そして、同年八月二日には来年の秋より、移住の有無に関わらず、地主作徳米の徴収を認める旨の布令が出されるに至った(同前No.六〇八)。さらにこの方針は同年九月八日になると、今年の秋の収穫分から徴収が可能とされた(同前No.六〇九)。ここに、帰田法は士族らを自作農化するという目的を棄て、弘前城下にいながら農村からの利益を享受できる途を開いたのである。
では、どうしてこのような急激な転換が起こったのだろうか。それはやはり廃藩置県の影響に他ならない。もはや弘前藩は消滅し、このままでは戊辰戦争以来、疲弊した士族・卒は何らの救済措置もないまま、先行き不透明な時流に投げ出されてしまう。幸い、廃藩後の当面の事務処理は旧藩の担当とされたから、この間に弘前藩では帰田法を急いで実施し、既成事実を積み上げてしまおうと意図したのだろう。
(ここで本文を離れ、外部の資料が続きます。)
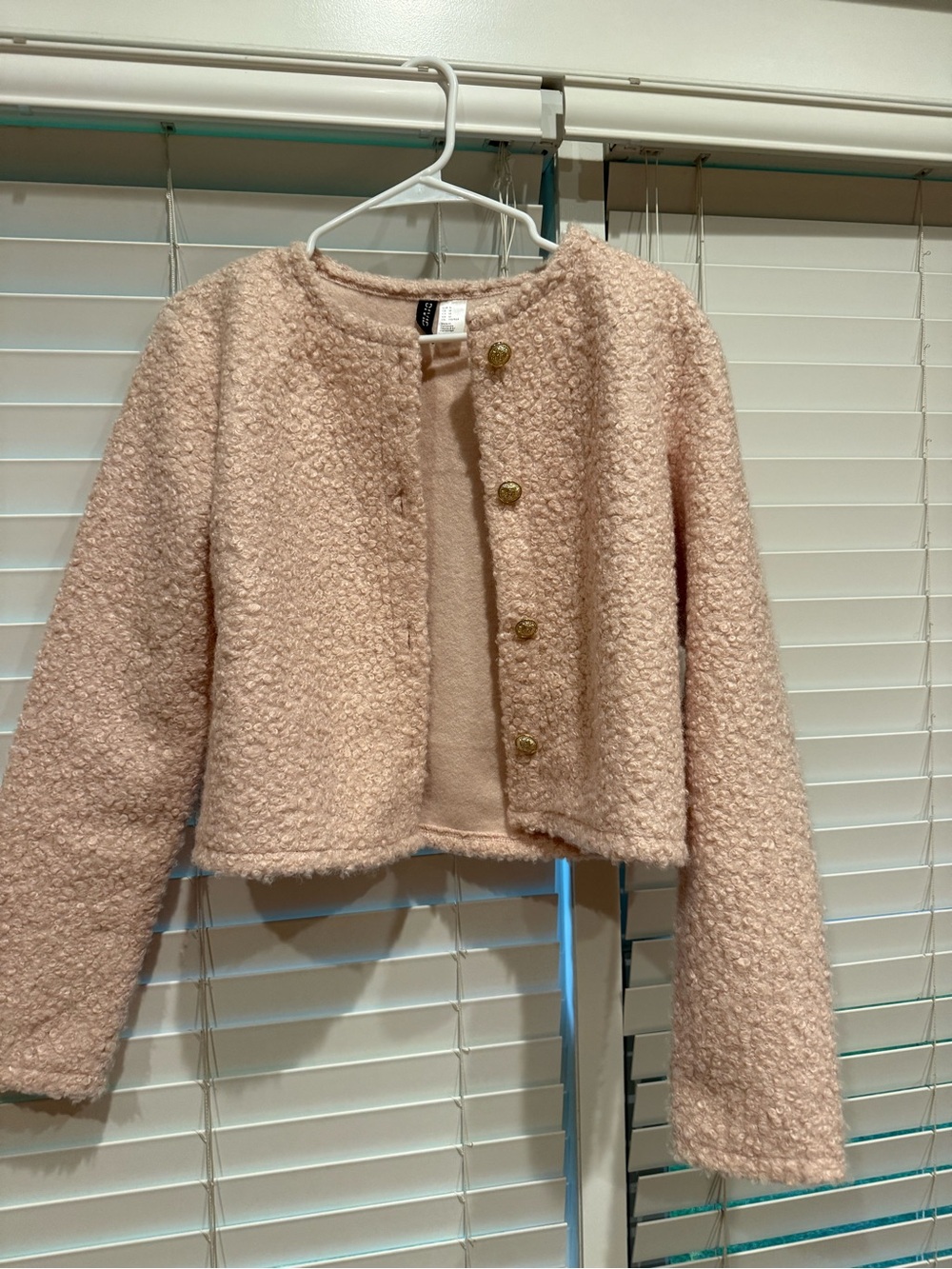 Divided Blush Pink Bouclé Cropped Jacket with Gold Buttons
加えて、分与地購入代金も同年九月には翌四年一ヵ年で約七〇〇〇両分の米を放出することで終了とされたし、実際はそれさえも実行できないまま、後日古米二万俵余が渡されただけであった。このように帰田法は地主らの一方的な犠牲の上に、藩が露骨な収奪をした政策であった。
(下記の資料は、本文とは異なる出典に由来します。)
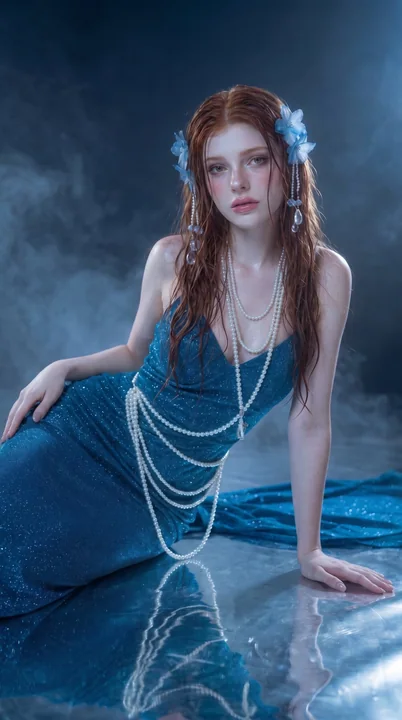 サファイアトーンの幻想的な赤髪の少女、パールアクセサリーのポートレート写真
よって、野田豁通(ひろみち)が四年十月に大参事として新生青森県に赴任すると、早速帰田法の緩和ないし停止に関する指令が出された。たとえば、同年十一月上旬にはすでに農村移住を願い出ている八三一人の士族・卒の引越代米が大幅に削減され、その他一七八二人の家財運搬用人馬および家作用材の支給も停止された。また、農村に移住した者で、弘前に屋敷がある場合、その屋敷地は青森県に上地(じょうち)されることとなった。こうして、明治五年二月には中央からも正式に帰田法停止命令が下達され、活動はまったく止んだのである。